Biological Chemistry and Molecular Pharmacology
Signal transduction across cell membranes plays a central role in human physiology and disease, yet the mechanistic details underlying transmembrane signaling remain poorly understood. Our research aims to elucidate the molecular basis of membrane protein signaling using techniques including protein engineering, structural biology, and pharmacology. In particular, we are focused on the study of proteins important in human health and disease, including G protein-coupled receptors and other proteins that regulate neurotransmission and metabolic homeostasis.G protein-coupled receptors (GPCRs) are cell-surface receptors that regulate neurotransmission, cardiovascular function, metabolic homeostasis, and many other physiological processes. Due to their central role in human physiology, these receptors are among the most important targets of therapeutic drugs, and are they among the most extensively studied proteins. To better understand GPCR signal transduction at a molecular level, we are using structural biology and biophysical methods to study model GPCRs such as muscarinic acetylcholine receptors.

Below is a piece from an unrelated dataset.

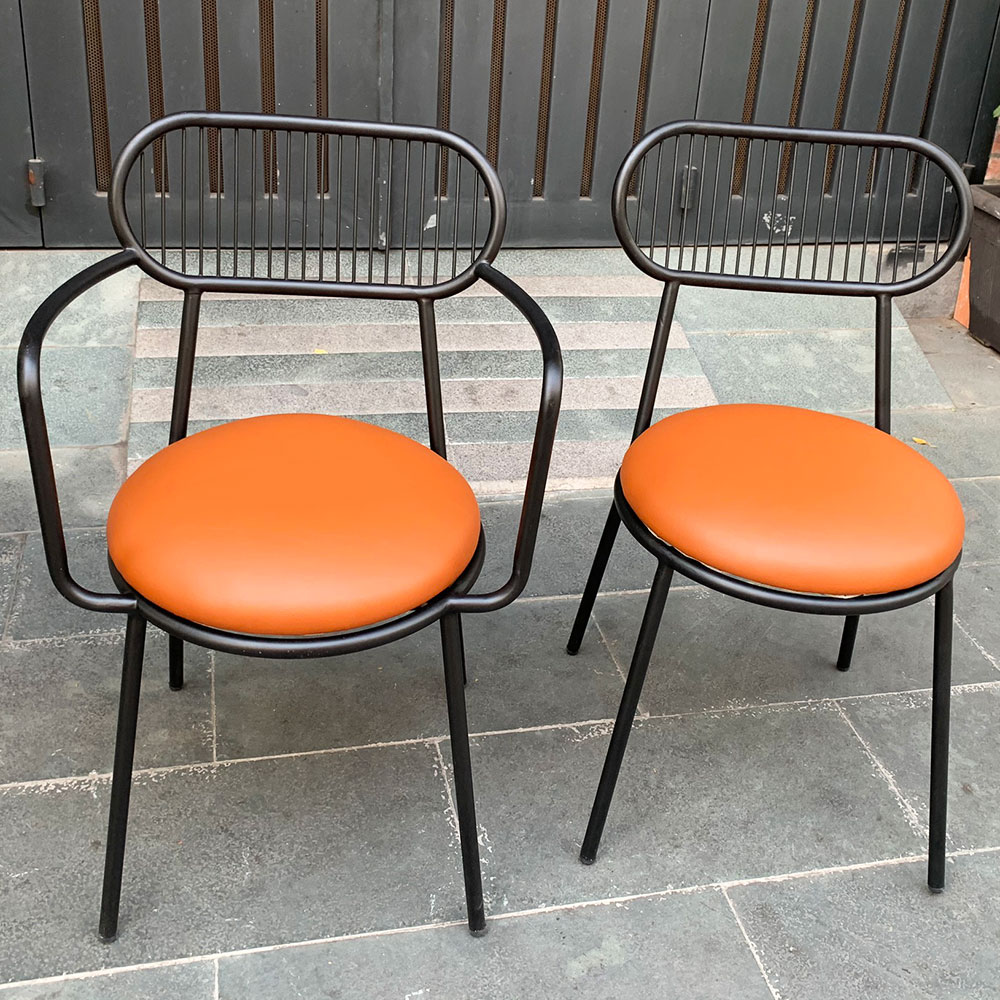 Ghế cafe có tay khung sắt sơn tĩnh điện Ghế cafe có tay khung sắt sơn tĩnh điện - hình 3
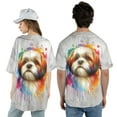 thumbnail image 5 of Watercolor Drip Shih Tzu Pop Art Colorful Portrait Artwork All Over Print 3D Baseball Shirt Lion Dog Lover Gifts Softball Sport - 01009, 5 of 6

In addition, we are using new approaches in combinatorial biology to facilitate structural studies and to create protein ligands of GPCRs.We are also interested in signal transduction pathways that remain less extensively studied than GPCRs, particularly receptors involved in the regulation of human metabolic homeostasis. In the long term, we hope to leverage our understanding of molecular signal transduction to guide the development of new and better therapeutics that modulate these pathways.
Our research aims to elucidate the molecular basis of membrane protein signaling using techniques including protein engineering, structural biology, and pharmacology.